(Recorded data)
# # #
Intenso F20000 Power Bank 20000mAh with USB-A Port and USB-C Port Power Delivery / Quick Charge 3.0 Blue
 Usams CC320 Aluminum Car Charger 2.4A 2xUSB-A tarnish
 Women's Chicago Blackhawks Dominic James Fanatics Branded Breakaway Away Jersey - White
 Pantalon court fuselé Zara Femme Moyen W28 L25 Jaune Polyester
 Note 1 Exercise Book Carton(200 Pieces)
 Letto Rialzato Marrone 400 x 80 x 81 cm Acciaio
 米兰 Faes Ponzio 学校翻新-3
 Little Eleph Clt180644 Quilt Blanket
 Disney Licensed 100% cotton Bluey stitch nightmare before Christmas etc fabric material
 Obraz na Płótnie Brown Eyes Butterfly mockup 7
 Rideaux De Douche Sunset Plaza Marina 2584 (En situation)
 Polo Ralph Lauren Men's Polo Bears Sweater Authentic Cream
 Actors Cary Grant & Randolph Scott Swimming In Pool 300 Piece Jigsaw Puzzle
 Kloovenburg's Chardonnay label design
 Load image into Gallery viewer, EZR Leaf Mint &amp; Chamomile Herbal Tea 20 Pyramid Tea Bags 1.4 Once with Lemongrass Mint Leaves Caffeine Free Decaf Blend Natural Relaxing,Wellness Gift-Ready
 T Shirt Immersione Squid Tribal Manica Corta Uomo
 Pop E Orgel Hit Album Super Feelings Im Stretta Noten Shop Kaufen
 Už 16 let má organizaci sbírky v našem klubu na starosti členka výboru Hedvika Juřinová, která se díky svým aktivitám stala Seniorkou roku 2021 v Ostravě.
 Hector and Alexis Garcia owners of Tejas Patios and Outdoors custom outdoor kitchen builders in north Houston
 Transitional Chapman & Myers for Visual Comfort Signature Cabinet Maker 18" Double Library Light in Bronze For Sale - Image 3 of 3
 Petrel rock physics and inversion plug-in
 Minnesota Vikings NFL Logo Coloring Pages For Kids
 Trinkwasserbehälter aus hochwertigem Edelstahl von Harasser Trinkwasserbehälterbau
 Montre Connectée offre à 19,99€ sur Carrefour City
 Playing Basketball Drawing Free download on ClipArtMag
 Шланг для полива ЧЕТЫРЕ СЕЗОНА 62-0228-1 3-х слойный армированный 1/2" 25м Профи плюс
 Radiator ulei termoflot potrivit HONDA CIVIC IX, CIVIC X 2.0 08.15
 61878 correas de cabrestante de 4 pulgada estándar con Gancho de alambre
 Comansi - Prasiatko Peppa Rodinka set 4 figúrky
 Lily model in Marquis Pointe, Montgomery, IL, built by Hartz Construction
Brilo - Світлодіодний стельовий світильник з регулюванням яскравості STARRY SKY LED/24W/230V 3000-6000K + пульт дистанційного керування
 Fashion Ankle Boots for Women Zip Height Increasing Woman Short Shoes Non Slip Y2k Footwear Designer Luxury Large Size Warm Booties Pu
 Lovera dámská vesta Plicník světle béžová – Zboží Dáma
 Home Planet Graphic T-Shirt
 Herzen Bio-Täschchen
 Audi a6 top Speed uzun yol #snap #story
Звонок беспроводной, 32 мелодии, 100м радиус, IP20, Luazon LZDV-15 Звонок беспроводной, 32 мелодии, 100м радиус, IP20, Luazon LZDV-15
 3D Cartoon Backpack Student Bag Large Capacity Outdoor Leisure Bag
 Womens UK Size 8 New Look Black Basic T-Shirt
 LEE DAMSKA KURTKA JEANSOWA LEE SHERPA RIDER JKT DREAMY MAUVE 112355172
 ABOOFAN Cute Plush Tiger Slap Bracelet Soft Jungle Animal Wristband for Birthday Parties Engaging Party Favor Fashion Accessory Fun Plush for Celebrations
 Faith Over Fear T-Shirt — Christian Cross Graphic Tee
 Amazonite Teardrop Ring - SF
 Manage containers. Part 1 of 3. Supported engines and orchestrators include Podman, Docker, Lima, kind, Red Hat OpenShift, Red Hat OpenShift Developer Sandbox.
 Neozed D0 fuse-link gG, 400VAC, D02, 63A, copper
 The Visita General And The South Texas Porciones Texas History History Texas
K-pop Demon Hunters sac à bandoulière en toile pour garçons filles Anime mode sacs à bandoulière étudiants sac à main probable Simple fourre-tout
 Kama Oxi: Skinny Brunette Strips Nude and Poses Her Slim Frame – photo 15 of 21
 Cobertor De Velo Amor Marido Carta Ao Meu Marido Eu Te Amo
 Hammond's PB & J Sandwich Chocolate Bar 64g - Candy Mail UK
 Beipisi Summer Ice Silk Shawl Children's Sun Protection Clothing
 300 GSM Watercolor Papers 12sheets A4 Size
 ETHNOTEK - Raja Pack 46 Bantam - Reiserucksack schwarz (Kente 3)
# # #
REQUIRED WORK
For the word "Free", how many lines in the records above contain it? Answer with the number and nothing else.

COMPLETED EXERCISE
2